Rabu, 05 Agustus 2015

Sekolah? Ranking? Kualitas?

Sekolah? Ranking? Kualitas?



Bahasan kali ini masih menyangkut mengenai pendidikan, tetapi kali ini sorotan menuju sang pembimbing generasi muda yang kita kenal sebagai pahlawan tanpa tanda jasa alias guru. Pengaruh seorang guru terhadap kemajuan sang murid memang penting, apalagi di fase perkembangan anak, ilmu pengetahuan, etika, sosialisasi, murid akan dapatkan. Kepercayaan orang tua pun terbayar ketika melihat anaknya berprestasi, pandai, rajin, beretika, dll.

Siapa sangka dunia pendidikan menjadi ajang balap lari sang orang tua murid? Mulai dari les private kepada gurunya disekolah, memberikan parcel tiap naik kelas dan hari besar, guna untuk mendongkrak nilai anak di sekolah. Artikel ini bukan menyudutkan seorang guru sebagai pengajar tetapi sejauh mana pengaruh orang tua murid yang merusak pendidikan hanya untuk ketenaran anaknya.

Saya akan menceritakan adik saya yang memang pandai di sekolah (karena saya kurang pandai). ari sisi pengetahuan dia cukup baik, bahkan orang tua saya juga cukup memujinya, tapi di sekolah dia hanya di ranking 7 8 9. Orang tua saya tidak peduli dengan ranking, mereka cukup puas dengan respon baik adik saya dalam menangkap pelajaran. Ini cerita dari orang tua saya, pada saat itu adik saya ditawari untuk les saja ke gurunya, supaya dia tambah pandai. Orang tua saya bingung, "buat apa anak saya di les kan bu? Dia tidak punya permasalahan dalam studi nya kan? Ibu guru itu menjawab "Iya, cuma kan supaya bisa bersaing dengan murid yang peringkatnya lebih tinggi, soalnya kan yang peringkat tinggi-tinggi itu semua pada les sama saya." Orang tua saya tidak menjawab dan cukup senyum dan meninggalkan tempat. Ternyata pesan itu juga diucapkan oleh adik saya ke orang tua saya, "kata bu guru, saya disuruh les, kan ada temen-temen yang lain." Orang tua saya merasa ada yang tidak beres ini. Hal itu didukung dengan kumpulan orang tua murid yang mengajak orang tua saya untuk mengikutkan adik saya les kepada guru kelasnya. Tapi untuk orang tua saya, tidak ada kata mengikutkan les kepada guru bersangkutan dengan alasan apapun, jika mau les maka pilihk=lah guru SD lain. (itu yang diterapkan pada saya dan hasilnya gitu-gitu aja tetep jelek nilai saya)

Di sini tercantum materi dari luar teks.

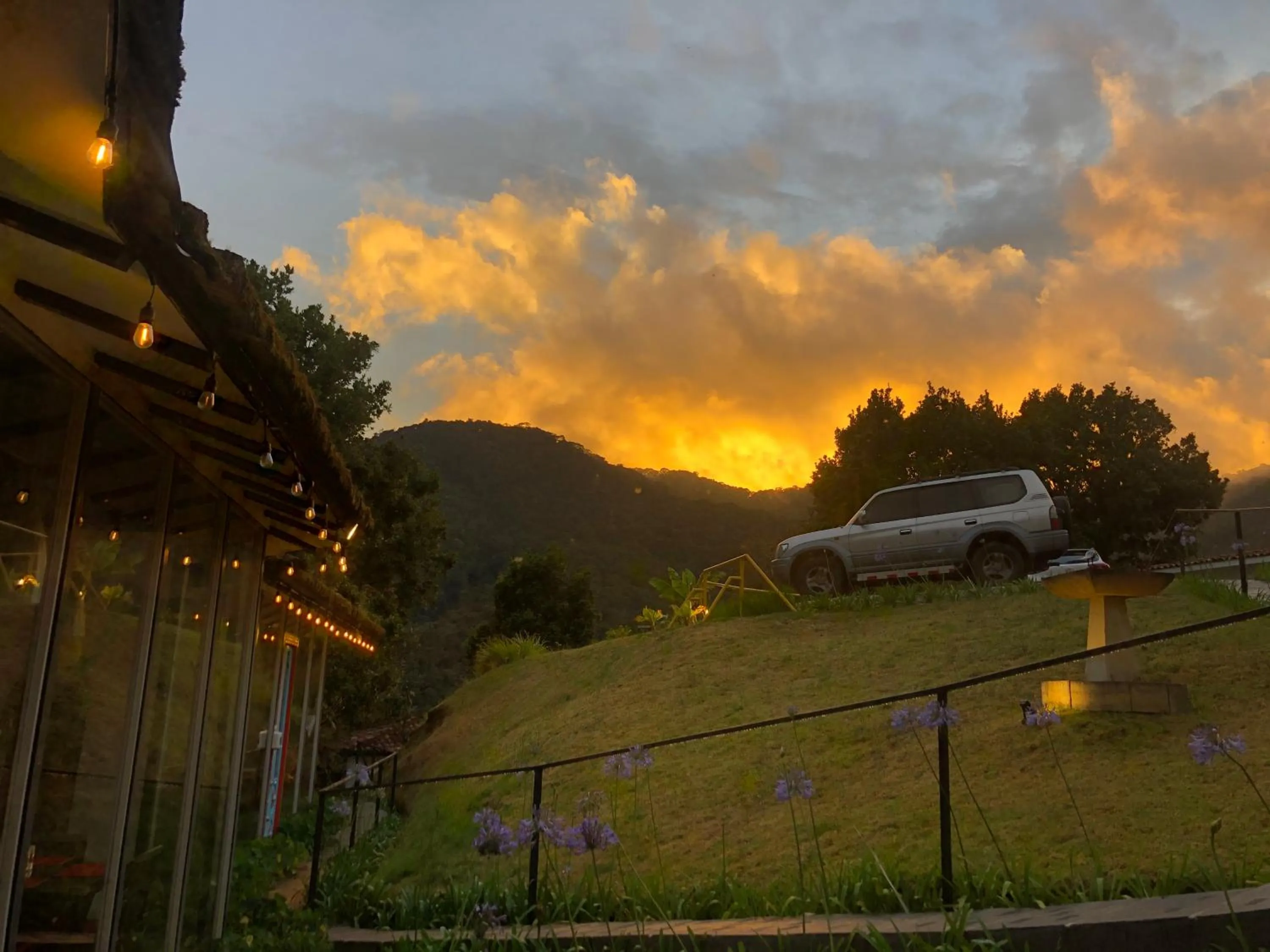 Parking in Dantica Cloud Forest Lodge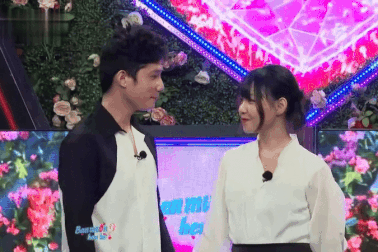 Dù nghi ngờ giới tính bạn trai, 10X vẫn đồng ý hẹn hò và hôn môi trên tivi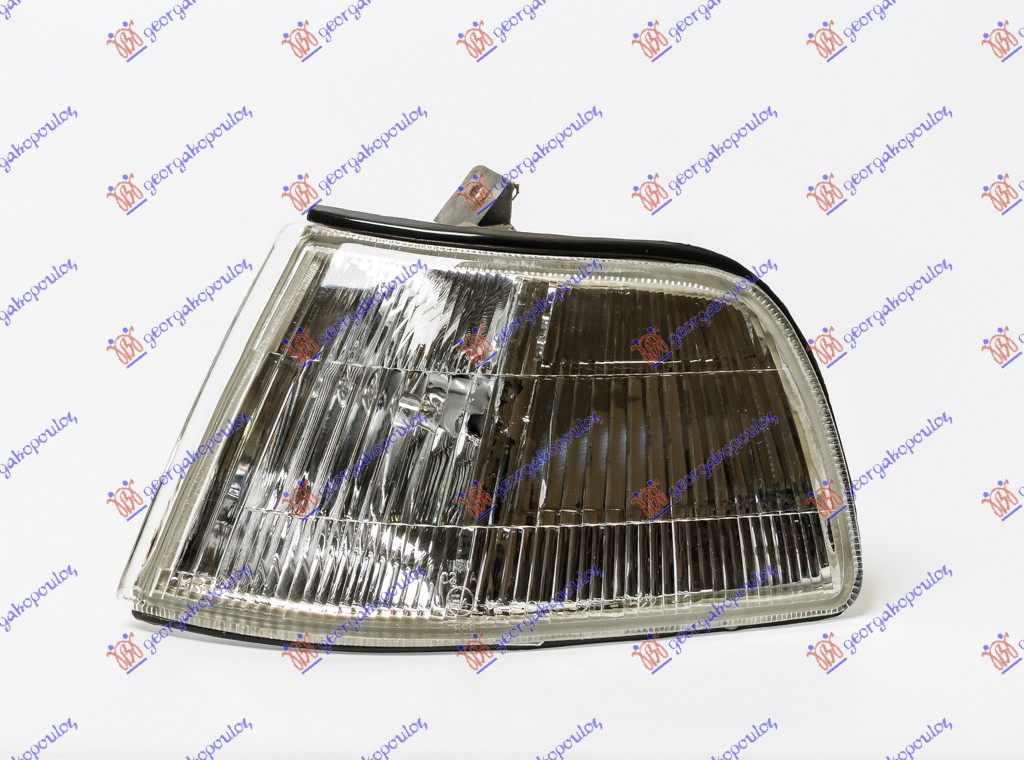 Migavac pored fara L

Waktu terus berjalan sampai akhirnya adik saya ada di bangku kelas 6 SD. Tidak disangka adik saya juara 2 tingkat sekolah di kesempatan itu, Dari peringkat 7 8 9 tingkat kelas jadi 2 besar, kok kenaikannya ekstrim sekali. Bahkan orang tua saya pun tidak menyangka, bahwa adik saya menjadi juara 2 tingkat sekolah. Bisa saja adik saya belajar dengan serius dan tekun. Ternyata hal tersebut di dukung ketika masuk ke bangku SMP dan SMA. Dimana seorang murid sudah bisa menilai apa yang benar dan salah adik saya menjadi peringkat 1 di kelas dan peringkat 2 di sekolahan, bahakn peringkat 1 paralel se kota di tingkat SMA.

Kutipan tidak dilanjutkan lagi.